Count the number of pair (l,r) such that a[l],a[l+1],…,a[r] can be rearranged to form a geometric sequence.
Geometric sequence is an array where each term after the first is found by multiplying the previous one by a fixed, non-zero number called the common ratio. i.e. A = [1,2,4,8,16] is a geometric sequence.
輸入描述:
The first line is an integer n (1 <= n <= 100000).
The second line consists of n integer a[1],a[2],…,a[n] where a[i] <= 100000 for 1<=i<=n.
輸出描述:
An integer answer for the problem.
示例1
輸入
5
1 1 2 4 1
輸出
11
說明
The 11 pairs of (l,r) are (1,1),(1,2),(2,2),(2,3),(2,4),(3,3),(3,4),(3,5),(4,4),(4,5),(5,5).
示例2
輸入
10
3 1 1 1 5 2 2 5 3 3
輸出
20
備註:
The answer can be quite large that you may use long long in C++ or the similar in other languages.
題意:讓你找出所有的等比序列。
分析:逆向思維便可以優雅的暴力。
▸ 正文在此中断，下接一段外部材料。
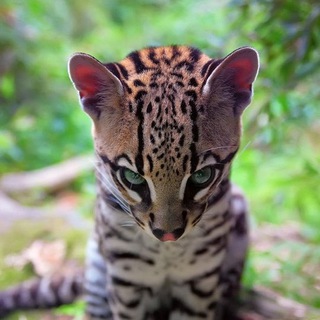 Познавательная Планета - Наука и Факты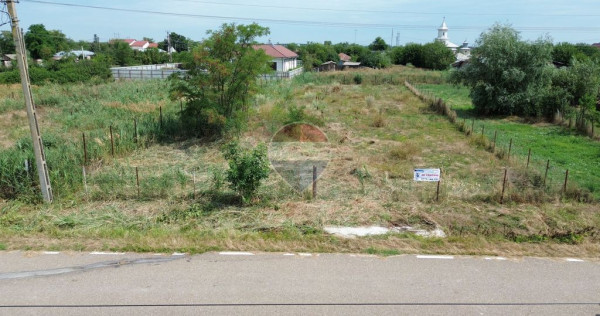 Teren intravilan Calienii Noi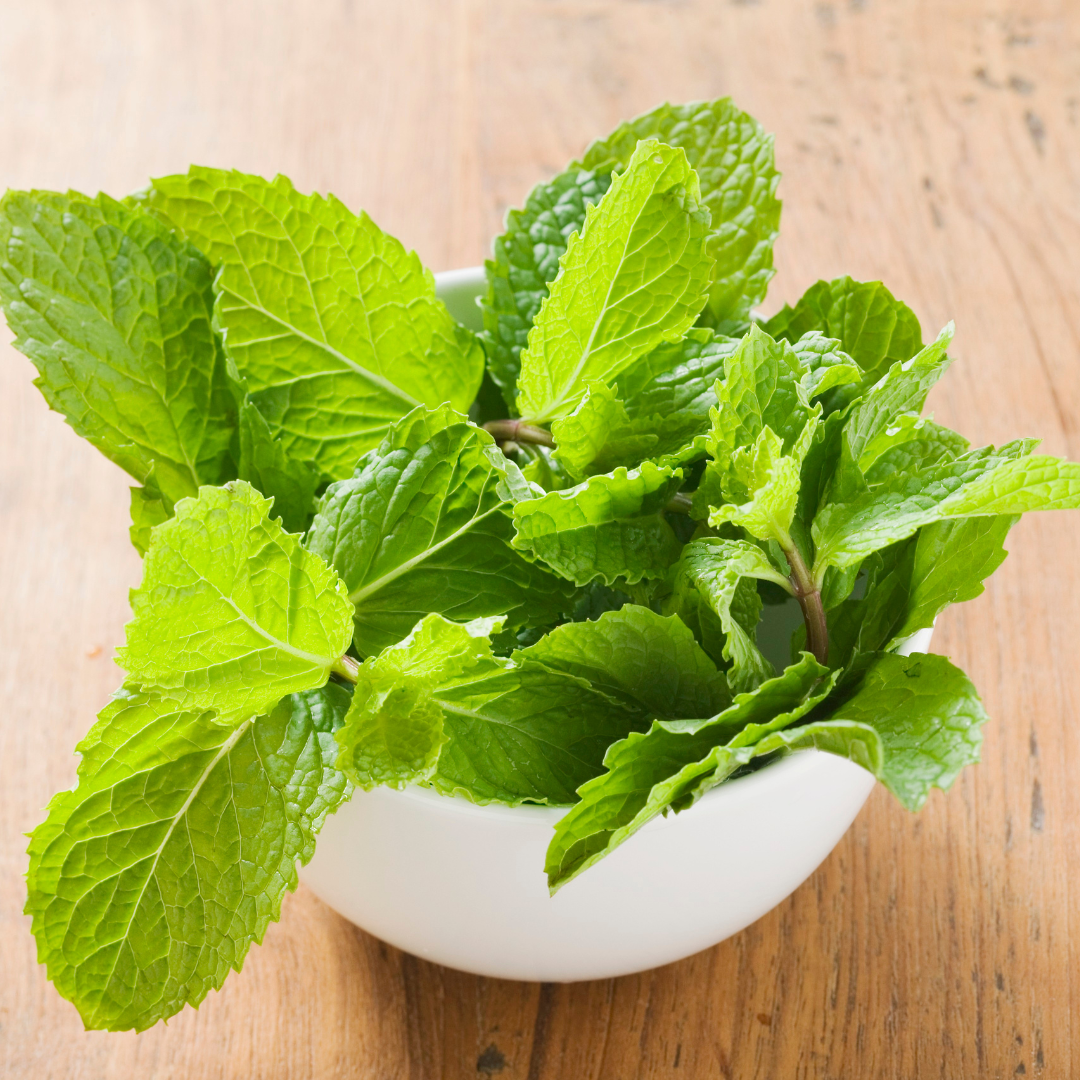 Dried Mint: The Secret Ingredient You’re Overlooking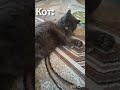 Жиза😂Подписывайтесь😂🤗#Фединыбудни#юмор#кот#cat#cats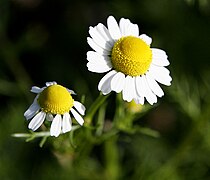 Camomille (Matricaria chamomilla), une Astéridée du groupe 2 (Campanulidées).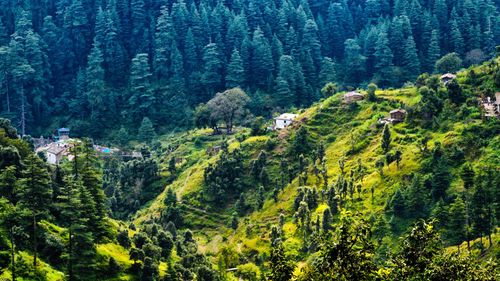 Experience Pure Bliss With The Top Places To Visit & Things To Do In Ranikhet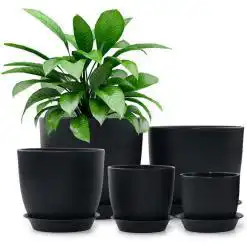 Homenote 7″ Black Plastic Planter with Drainage & Tray – Buy Online at AbmarketX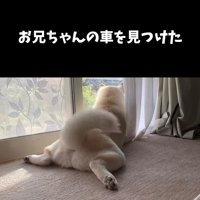 窓の外を見ながら尻尾を振る犬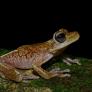 Descubierta una nueva especie de rana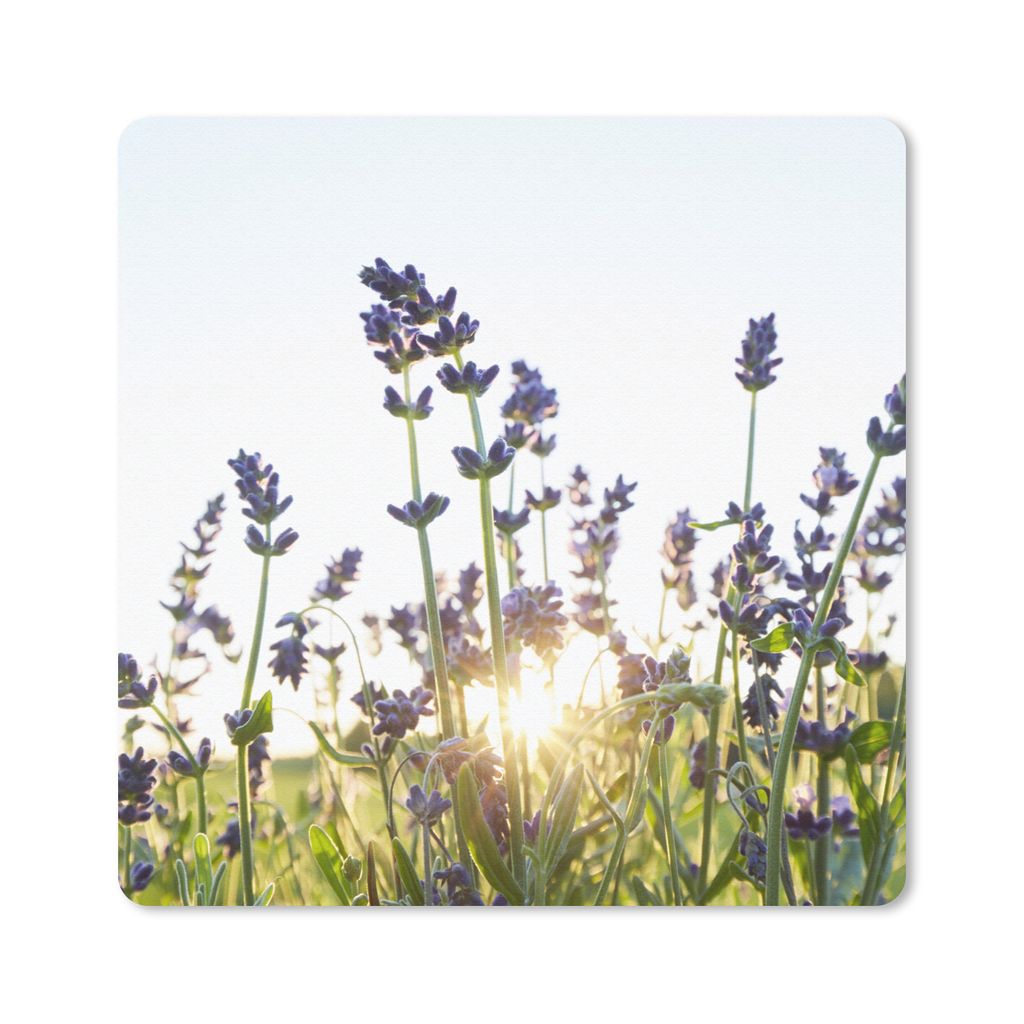 MuchoWow Mauspad Mousepad Nahaufnahme von Lavendel bei Sonnenuntergang 20x20 cm - Mousepads - Maus Mat - Pad - Mausunterlage - Desk Mat - Bureaua...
由於資料是小於十萬的,公比為2的序列長度最長為17,所以我們可以列舉序列長度。
公比不能為小數嗎?當然可以,但是如果是小數的話,可以轉化成分數,那麼必須是分母的整數冪。然而分母最小是2,所以證畢!
注意:比賽的時候被精度卡住,卡在90%的資料上過不了。以後能用long long int解決的絕不用double。
#include<iostream>
#include<cstring>
#include<cstdio>
#include<algorithm>
using namespace std;
#define ll long long int
const double eps = 1e-8;
const int maxn = 1e5 + 10;
double a[maxn];
double b[maxn];
int main()
{
int n;
scanf("%d", &n);
for (int i = 1; i <= n; i++) {
scanf("%lf", &a[i]);
b[i] = a[i];
}
ll ans = 2*n-1;
for (int i = 1; i <= n; i++) {
for (int j = 1; j <= 17; j++) {
if (i + j - 1 > n) break;
if (j == 1 || j == 2) { continue; }
sort(a + i, a + i + j);
double cs = a[i + 1] / a[i];
int flag = 1;
for (int k = i + 1; k <= i + j - 1; k++) {
double ct = a[k] / a[k - 1];
if (fabs(ct - cs) > eps) {
flag = 0; break;
}
}
if (fabs(cs - 1) < eps) flag = 0;
ans += 1ll * flag;
//cout << flag << endl;
for (int k = i; k <= i + j - 1; k++) {
a[k] = b[k];
}
}
}
ll sum = 1;
for (int i = 2; i <= n; i++) {
if (a[i] == a[i - 1]) sum++;
else sum = 1;
if(sum>=3)
ans = ans + sum - 2;
}
printf("%lld\n", ans);
return 0;
}